If you like stories where every underdog has his day, keep reading.  Mountain Home started as a newborn magazine two years ago in an old house overlooking Kelsey Creek in downtown Wellsboro, and thanks to you, we’ve grown from zero to more than 100,000 readers across our lovely mountains-and-lakes region. We’re still in that old house, still a mom-and-pop shop with me and my wife, Teresa, the editor, and one full-time editorial employee, competing against newspapers from Elmira to Williamsport owned by giant, distant corporations. Yes, we’re the only locally-owned, family-owned media company in the region. Last year, Mountain Home won five Keystones, including best writing for all weeklies or monthlies of any size in Pennsylvania.

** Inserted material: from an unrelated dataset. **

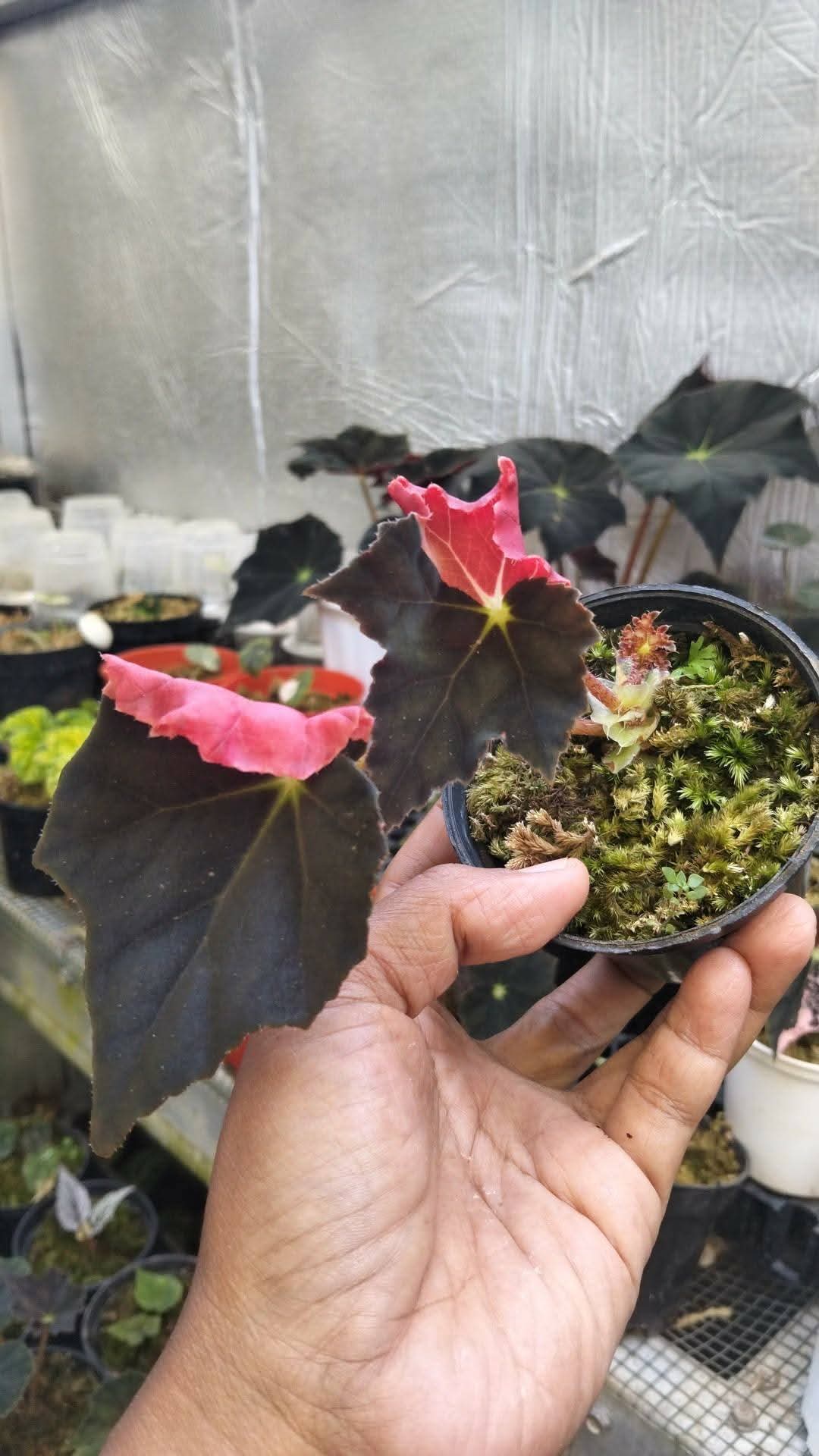 BEGONIA BLACK FANG VAR 3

How do we do it? Here’s where the thanks come in. Hope you’re seat is comfortable, and you can stay a moment. We’re not blowing smoke to say it’s because of you—you making Mountain Home part of your life, and supporting our advertisers who support us, keeps us going. But it’s much more than that. It’s the many part-time talented writers, artists, photographers, and salespeople who make Mountain Home what it is. And it’s your willingness to not only read stories but tell them, share them, that makes Mountain Home and its readers the envy of modern journalism. We have a pretty special relationship going, if you listen to what journalists around the country tell me as their newspapers go down the tubes for lack of readers.

Last month, I was invited to speak in Hershey, Pennsylvania, at one of the biggest newspaper industry conventions in the country,  to explain why Mountain Home also won recognition as one of the best new ideas to attract readers in the state. The  other winners talked about market research – a magazine that targeted young mothers did market research that revealed they wanted “information” about nutrition, their children, etc. When it came my turn to talk, I bragged about you. I said the people of northern Pennsylvania and southern New York tell a great story, and enjoy reading one, too.

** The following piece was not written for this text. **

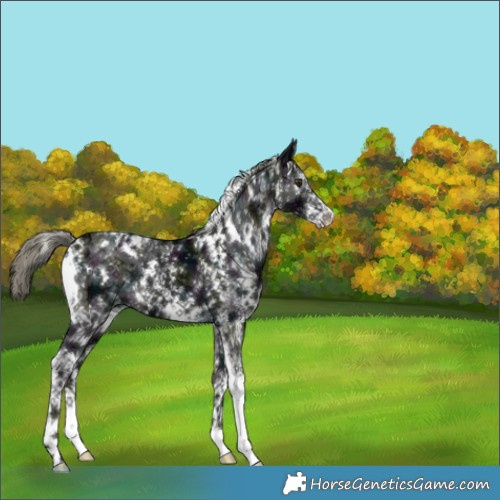 Horse Color:White Spotted Midnight Liver Chestnut Ice Mushroom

Afterward, publishers from small-town, family-owned, century-old newspapers inthe state came and asked me to teach this idea to their staffs. And two of the state’s largest newspaper publishers, from Philadelphia and Pittsburgh, told me they wanted to somehow make the Mountain Home secret, the Mountain Home spirit, part of their $80-million companies. It’s not hard, I said, if you’re from where I’m from. We sit on a porch together the old-fashioned way and tell stories, real and free as the wind.